Come abbiamo già ribadito in altri articoli, ormai è di comprensione pubblica che il termine “migrazione” sia un vasto contenitore di concetti ma soprattutto di diverse persone, con origini, storie, progetti, idee ed emozioni proprie. In questo articolo ci occuperemo solo di una piccola parte di “migranti”, quelli che attraversano il deserto sulle “carovane della morte” e il Mediterraneo sulle “carrette del mare”.

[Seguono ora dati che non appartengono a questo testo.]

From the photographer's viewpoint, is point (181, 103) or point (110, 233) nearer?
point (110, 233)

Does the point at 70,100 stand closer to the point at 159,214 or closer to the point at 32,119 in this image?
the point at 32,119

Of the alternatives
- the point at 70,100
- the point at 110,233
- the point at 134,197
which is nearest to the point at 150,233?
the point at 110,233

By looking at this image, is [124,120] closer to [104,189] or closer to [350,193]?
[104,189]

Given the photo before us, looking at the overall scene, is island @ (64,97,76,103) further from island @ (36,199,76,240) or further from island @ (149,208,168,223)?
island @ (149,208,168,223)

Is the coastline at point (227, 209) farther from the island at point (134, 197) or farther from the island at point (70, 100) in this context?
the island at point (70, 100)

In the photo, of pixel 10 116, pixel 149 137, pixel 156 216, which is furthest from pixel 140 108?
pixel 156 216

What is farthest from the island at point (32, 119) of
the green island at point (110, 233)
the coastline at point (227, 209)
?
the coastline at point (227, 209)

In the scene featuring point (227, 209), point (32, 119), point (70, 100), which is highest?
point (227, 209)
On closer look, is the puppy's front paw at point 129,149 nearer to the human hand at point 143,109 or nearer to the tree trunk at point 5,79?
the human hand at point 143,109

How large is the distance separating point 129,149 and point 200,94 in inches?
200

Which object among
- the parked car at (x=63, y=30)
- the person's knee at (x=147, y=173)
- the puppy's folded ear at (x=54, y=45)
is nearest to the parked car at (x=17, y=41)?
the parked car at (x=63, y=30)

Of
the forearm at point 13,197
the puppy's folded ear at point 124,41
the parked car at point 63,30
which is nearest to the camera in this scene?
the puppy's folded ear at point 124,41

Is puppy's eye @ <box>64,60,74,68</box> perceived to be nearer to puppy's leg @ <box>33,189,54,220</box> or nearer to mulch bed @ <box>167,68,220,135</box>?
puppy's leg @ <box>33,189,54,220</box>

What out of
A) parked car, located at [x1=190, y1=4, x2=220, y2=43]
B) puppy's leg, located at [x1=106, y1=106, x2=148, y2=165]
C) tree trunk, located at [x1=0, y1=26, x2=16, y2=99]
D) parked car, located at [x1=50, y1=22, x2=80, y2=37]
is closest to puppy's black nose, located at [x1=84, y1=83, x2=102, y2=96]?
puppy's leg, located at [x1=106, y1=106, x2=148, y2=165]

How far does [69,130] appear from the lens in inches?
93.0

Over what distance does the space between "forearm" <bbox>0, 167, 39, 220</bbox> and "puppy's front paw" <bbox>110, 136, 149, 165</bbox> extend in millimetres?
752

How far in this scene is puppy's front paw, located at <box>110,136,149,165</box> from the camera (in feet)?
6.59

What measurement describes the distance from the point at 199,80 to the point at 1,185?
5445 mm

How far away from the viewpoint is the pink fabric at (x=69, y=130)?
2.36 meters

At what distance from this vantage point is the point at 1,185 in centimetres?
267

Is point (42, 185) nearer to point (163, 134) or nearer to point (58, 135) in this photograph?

Cartello di ingresso all’Iftar e festa pubblica “a porte aperte” di Borgo di Terzo del 21/06/2017
Se in Italia si continua a lottare per l’universalizzazione dei Diritti Umani, quasi fosse una salita al Calvario con romani e iscarioti pronti a tutto, in Libia la guerra per la riappacificazione (o meglio, controllo) del paese continua dal 2011. Il paese è spaccato in tanti pezzettini, ognuno dei quali controllato da una fazione. Nell’occidente i Tebu, Touareg e Zintan occupano rispettivamente il sud, il centro e il nord al confine con l’Algeria. Sulle coste nord, Tripoli è dilaniata in continui conflitti tra il governo appoggiato dalle Nazioni Unite di Fayez Mustafa Serraj ed alcune milizie locali, ancora fedeli all’ex capo del Governo di Salvezza Nazionale, Khalifa Ghwell. Misurata è controllata dalle forze ribelli e la provincia di Sirte è stata quasi liberata dalla presenza dell’esercito del Califfato di al-Baghdadi. Il controllo relativo maggiore lo possiede l’Esercito Nazionale Libico (LNA) comandato dal generale Khalifa Haftar, che prosegue le sue vittorie acquisendo il controllo di nuovi territori, tra cui il “Fezzan”, la regione desertica meridionale libica. Il generale, appoggiato da Egitto, UAE e Russia, ha recentemente acquisito la base di Al-Jufra, centro nevralgico militare poiché, come rammenta il sito Libya Herald, è “una copertura per colpire una gran parte della Libia occidentale”. I due principali scacchisti, il generale Haftar e il presidente Serraj, si sono incontrati ad Abu Dhabi il 2 maggio per trovare un accordo sul futuro della Libia, anche se nell’ultimo periodo le diverse fazioni si sono costantemente allontanate dagli accordi per la riappacificazione dell’ex stato africano, pur avendo visto momenti di riavvicinamento.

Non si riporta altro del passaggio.